_Exercise description:_
The data below should be restated word for word, with every picture omitted.

(Short web captions)
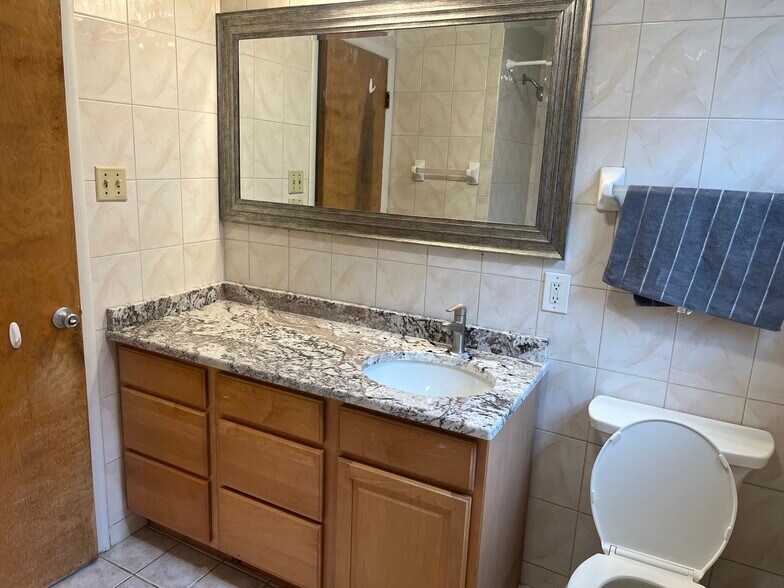 Building Photo - 301 Roosevelt Ave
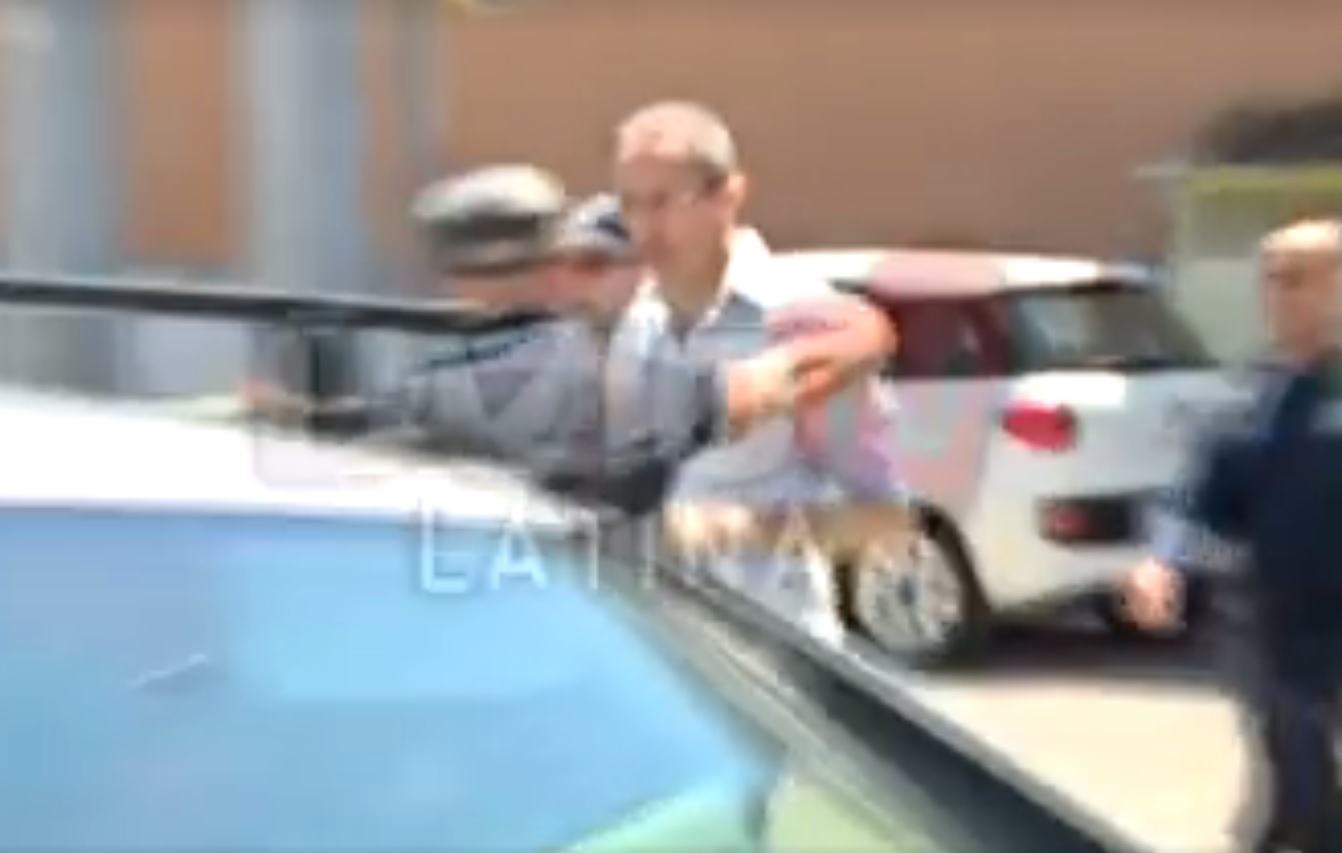 Concessi i domiciliari a Cusani: l’uscita dal carcere di Latina VIDEO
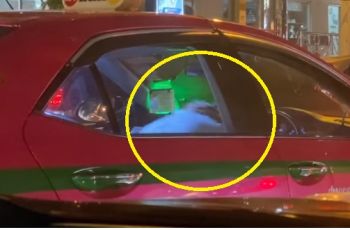 Bosan Nunggu Macet di Mobil, Sopir Taksi Lakukan Hal Tak Terduga
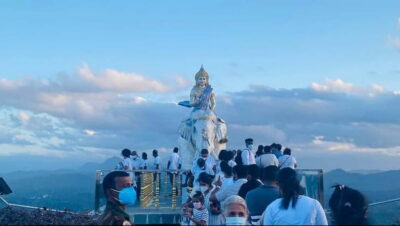 Morning Sunrise Tour/Evening Sunset Tour To Nelligala Temple - The tuk-tuk ride through Kandy: why the journey is part of the day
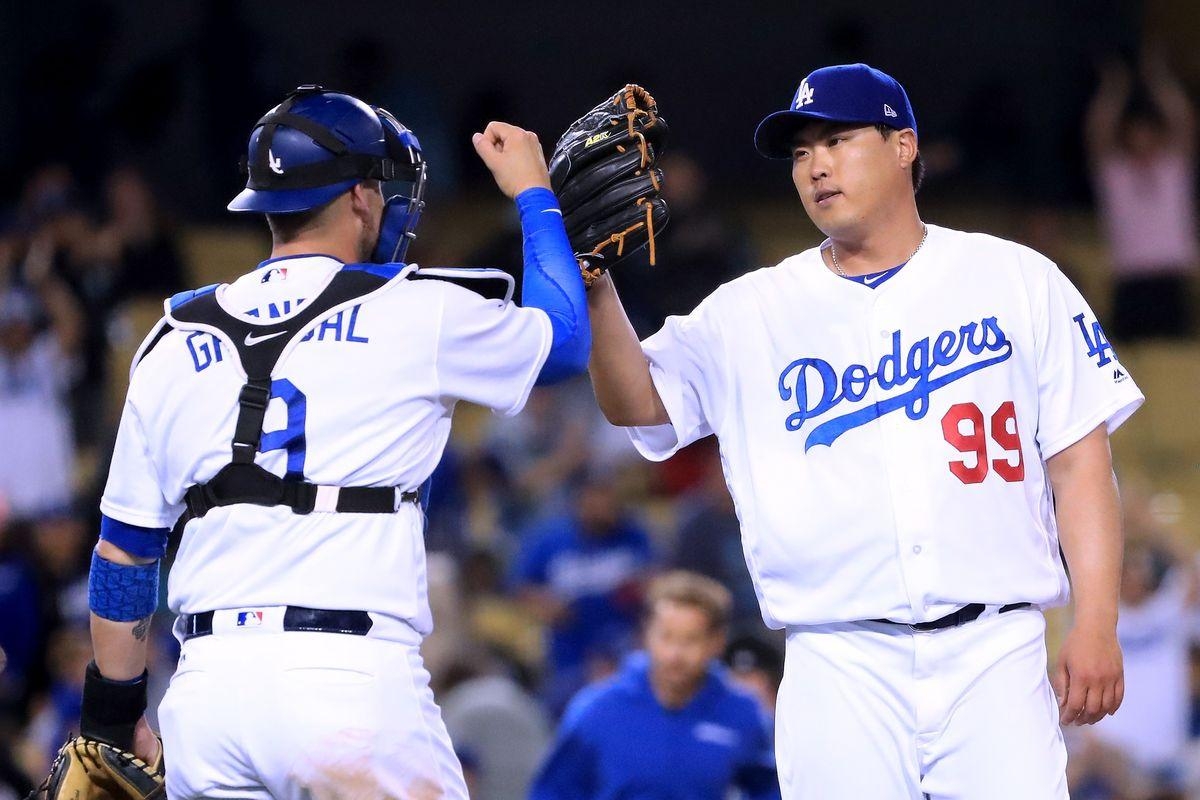 1200x800 Dodgers extend qualifying offers to Grandal and Ryu Blue LA, Desktop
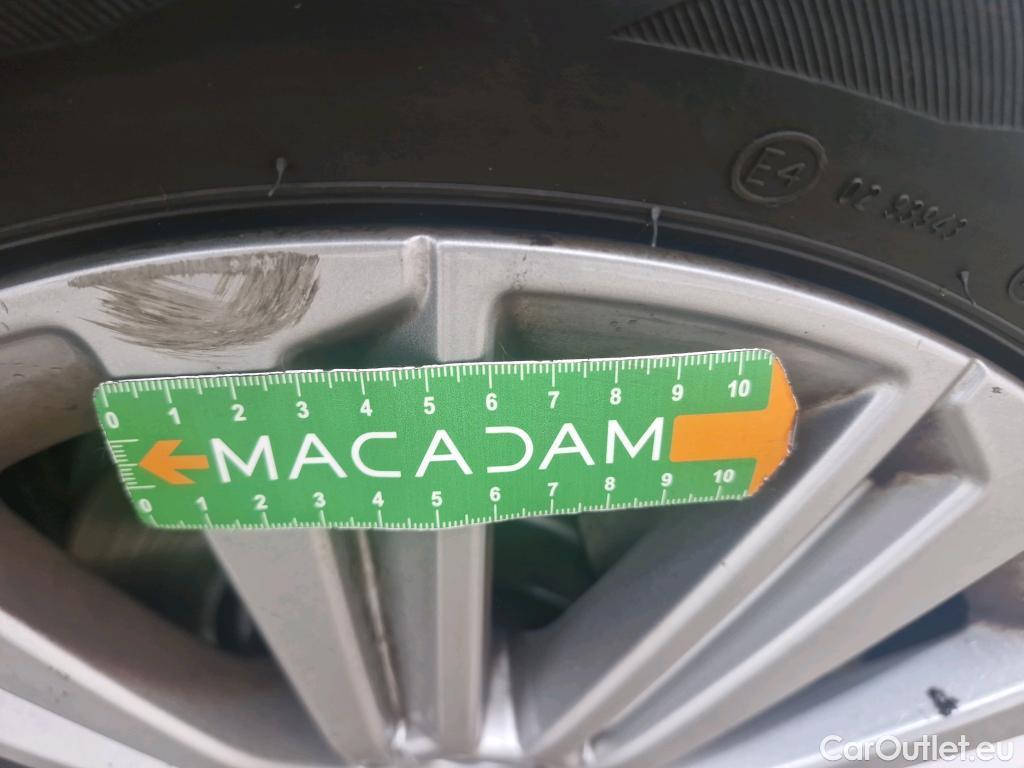  Peugeot  308  Allure 1.2 PureTech 130CV BVA8 E6d #1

_Expected answer:_
 Building Photo - 301 Roosevelt Ave
 Concessi i domiciliari a Cusani: l’uscita dal carcere di Latina VIDEO
 Bosan Nunggu Macet di Mobil, Sopir Taksi Lakukan Hal Tak Terduga
 Morning Sunrise Tour/Evening Sunset Tour To Nelligala Temple - The tuk-tuk ride through Kandy: why the journey is part of the day
 1200x800 Dodgers extend qualifying offers to Grandal and Ryu Blue LA, Desktop
  Peugeot  308  Allure 1.2 PureTech 130CV BVA8 E6d #1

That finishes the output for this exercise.